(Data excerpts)
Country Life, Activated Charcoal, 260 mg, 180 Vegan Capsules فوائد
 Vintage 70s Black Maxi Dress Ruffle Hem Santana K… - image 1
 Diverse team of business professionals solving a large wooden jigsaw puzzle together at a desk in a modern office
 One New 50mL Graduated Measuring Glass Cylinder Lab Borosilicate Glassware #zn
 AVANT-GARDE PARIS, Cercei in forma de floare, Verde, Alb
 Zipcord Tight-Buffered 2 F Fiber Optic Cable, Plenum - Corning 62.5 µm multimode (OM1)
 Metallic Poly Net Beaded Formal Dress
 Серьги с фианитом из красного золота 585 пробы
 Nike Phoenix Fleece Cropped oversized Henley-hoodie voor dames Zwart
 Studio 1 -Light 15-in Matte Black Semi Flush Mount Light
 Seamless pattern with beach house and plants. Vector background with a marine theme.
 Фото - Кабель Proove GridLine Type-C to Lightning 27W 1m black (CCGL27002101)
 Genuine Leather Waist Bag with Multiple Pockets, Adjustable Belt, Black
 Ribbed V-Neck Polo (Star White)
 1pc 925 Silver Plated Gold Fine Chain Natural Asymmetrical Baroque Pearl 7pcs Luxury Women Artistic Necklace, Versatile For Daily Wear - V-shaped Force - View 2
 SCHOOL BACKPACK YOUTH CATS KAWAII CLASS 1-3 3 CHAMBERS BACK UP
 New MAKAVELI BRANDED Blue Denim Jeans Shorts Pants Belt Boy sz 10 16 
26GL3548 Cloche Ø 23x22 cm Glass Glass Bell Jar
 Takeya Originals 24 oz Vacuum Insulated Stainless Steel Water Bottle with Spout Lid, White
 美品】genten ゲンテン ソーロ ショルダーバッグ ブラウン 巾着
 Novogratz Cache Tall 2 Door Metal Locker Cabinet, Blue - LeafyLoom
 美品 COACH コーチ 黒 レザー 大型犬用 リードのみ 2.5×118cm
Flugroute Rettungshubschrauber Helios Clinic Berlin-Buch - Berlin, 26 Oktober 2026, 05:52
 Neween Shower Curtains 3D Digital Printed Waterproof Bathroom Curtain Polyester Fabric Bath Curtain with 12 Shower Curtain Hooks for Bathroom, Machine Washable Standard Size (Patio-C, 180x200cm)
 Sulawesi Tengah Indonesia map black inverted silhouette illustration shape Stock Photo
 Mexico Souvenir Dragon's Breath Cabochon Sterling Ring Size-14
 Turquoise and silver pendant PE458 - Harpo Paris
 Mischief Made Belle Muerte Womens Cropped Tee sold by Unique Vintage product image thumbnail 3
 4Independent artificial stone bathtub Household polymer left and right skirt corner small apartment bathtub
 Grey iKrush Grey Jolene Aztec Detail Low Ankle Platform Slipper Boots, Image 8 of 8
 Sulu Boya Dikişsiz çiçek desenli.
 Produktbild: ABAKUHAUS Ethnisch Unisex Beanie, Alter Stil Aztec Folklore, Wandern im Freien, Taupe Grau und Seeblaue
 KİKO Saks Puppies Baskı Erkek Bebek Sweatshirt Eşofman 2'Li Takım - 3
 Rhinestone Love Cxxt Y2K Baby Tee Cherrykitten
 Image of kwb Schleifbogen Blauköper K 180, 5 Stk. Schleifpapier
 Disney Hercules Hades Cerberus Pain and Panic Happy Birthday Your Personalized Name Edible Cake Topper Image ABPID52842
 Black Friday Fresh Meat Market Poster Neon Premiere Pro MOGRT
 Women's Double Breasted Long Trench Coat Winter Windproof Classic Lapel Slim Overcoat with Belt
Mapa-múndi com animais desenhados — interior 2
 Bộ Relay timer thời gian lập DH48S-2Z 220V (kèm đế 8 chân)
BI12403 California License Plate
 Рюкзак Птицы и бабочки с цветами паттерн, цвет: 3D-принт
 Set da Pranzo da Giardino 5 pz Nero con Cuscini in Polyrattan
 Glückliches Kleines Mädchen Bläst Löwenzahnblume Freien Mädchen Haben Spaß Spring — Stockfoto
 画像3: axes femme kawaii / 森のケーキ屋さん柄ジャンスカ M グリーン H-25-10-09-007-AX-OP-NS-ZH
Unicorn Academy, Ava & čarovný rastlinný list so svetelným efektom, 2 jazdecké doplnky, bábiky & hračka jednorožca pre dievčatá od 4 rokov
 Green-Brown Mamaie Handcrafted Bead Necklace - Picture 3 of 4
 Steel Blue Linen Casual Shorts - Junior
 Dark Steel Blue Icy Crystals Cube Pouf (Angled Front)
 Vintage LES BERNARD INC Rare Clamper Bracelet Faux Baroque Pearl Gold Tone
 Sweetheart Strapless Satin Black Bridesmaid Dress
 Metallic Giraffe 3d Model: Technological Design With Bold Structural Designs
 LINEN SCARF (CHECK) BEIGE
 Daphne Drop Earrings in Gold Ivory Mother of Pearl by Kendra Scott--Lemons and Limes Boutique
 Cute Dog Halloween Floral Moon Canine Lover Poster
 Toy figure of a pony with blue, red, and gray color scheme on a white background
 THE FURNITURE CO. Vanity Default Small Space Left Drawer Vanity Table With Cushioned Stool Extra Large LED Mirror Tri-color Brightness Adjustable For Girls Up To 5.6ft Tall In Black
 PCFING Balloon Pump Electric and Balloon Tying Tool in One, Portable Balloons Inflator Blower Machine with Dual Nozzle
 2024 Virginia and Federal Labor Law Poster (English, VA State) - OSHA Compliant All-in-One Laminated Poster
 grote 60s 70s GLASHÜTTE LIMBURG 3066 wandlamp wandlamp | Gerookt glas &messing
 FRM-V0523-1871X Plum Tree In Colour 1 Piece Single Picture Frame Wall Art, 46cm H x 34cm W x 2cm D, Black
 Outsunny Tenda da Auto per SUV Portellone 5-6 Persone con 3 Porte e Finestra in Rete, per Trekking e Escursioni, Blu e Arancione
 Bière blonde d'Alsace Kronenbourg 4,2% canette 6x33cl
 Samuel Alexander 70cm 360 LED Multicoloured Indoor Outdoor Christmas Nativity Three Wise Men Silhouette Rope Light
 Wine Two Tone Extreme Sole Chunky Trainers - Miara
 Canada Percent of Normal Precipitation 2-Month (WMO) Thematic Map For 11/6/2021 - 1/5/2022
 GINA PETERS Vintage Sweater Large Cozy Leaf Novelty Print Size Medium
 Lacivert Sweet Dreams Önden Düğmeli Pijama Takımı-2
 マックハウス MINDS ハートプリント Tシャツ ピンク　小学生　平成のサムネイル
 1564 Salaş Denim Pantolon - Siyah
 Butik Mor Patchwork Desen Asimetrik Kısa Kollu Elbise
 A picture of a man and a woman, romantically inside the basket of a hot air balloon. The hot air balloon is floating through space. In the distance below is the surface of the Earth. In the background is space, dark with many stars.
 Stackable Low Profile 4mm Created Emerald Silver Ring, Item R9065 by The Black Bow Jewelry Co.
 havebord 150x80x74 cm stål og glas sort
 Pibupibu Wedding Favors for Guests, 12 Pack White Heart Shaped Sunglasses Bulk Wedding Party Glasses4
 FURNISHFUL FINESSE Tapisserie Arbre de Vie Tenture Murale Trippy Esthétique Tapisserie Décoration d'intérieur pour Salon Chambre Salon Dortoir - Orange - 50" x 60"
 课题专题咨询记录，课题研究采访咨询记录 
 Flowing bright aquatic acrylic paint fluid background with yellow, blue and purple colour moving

§ Assignment
Send back, unchanged, every line of the records from the one with "Daphne Drop Earrings" through the last.

§ Exercise output
 Daphne Drop Earrings in Gold Ivory Mother of Pearl by Kendra Scott--Lemons and Limes Boutique
 Cute Dog Halloween Floral Moon Canine Lover Poster
 Toy figure of a pony with blue, red, and gray color scheme on a white background
 THE FURNITURE CO. Vanity Default Small Space Left Drawer Vanity Table With Cushioned Stool Extra Large LED Mirror Tri-color Brightness Adjustable For Girls Up To 5.6ft Tall In Black
 PCFING Balloon Pump Electric and Balloon Tying Tool in One, Portable Balloons Inflator Blower Machine with Dual Nozzle
 2024 Virginia and Federal Labor Law Poster (English, VA State) - OSHA Compliant All-in-One Laminated Poster
 grote 60s 70s GLASHÜTTE LIMBURG 3066 wandlamp wandlamp | Gerookt glas &messing
 FRM-V0523-1871X Plum Tree In Colour 1 Piece Single Picture Frame Wall Art, 46cm H x 34cm W x 2cm D, Black
 Outsunny Tenda da Auto per SUV Portellone 5-6 Persone con 3 Porte e Finestra in Rete, per Trekking e Escursioni, Blu e Arancione
 Bière blonde d'Alsace Kronenbourg 4,2% canette 6x33cl
 Samuel Alexander 70cm 360 LED Multicoloured Indoor Outdoor Christmas Nativity Three Wise Men Silhouette Rope Light
 Wine Two Tone Extreme Sole Chunky Trainers - Miara
 Canada Percent of Normal Precipitation 2-Month (WMO) Thematic Map For 11/6/2021 - 1/5/2022
 GINA PETERS Vintage Sweater Large Cozy Leaf Novelty Print Size Medium
 Lacivert Sweet Dreams Önden Düğmeli Pijama Takımı-2
 マックハウス MINDS ハートプリント Tシャツ ピンク　小学生　平成のサムネイル
 1564 Salaş Denim Pantolon - Siyah
 Butik Mor Patchwork Desen Asimetrik Kısa Kollu Elbise
 A picture of a man and a woman, romantically inside the basket of a hot air balloon. The hot air balloon is floating through space. In the distance below is the surface of the Earth. In the background is space, dark with many stars.
 Stackable Low Profile 4mm Created Emerald Silver Ring, Item R9065 by The Black Bow Jewelry Co.
 havebord 150x80x74 cm stål og glas sort
 Pibupibu Wedding Favors for Guests, 12 Pack White Heart Shaped Sunglasses Bulk Wedding Party Glasses4
 FURNISHFUL FINESSE Tapisserie Arbre de Vie Tenture Murale Trippy Esthétique Tapisserie Décoration d'intérieur pour Salon Chambre Salon Dortoir - Orange - 50" x 60"
 课题专题咨询记录，课题研究采访咨询记录 
 Flowing bright aquatic acrylic paint fluid background with yellow, blue and purple colour moving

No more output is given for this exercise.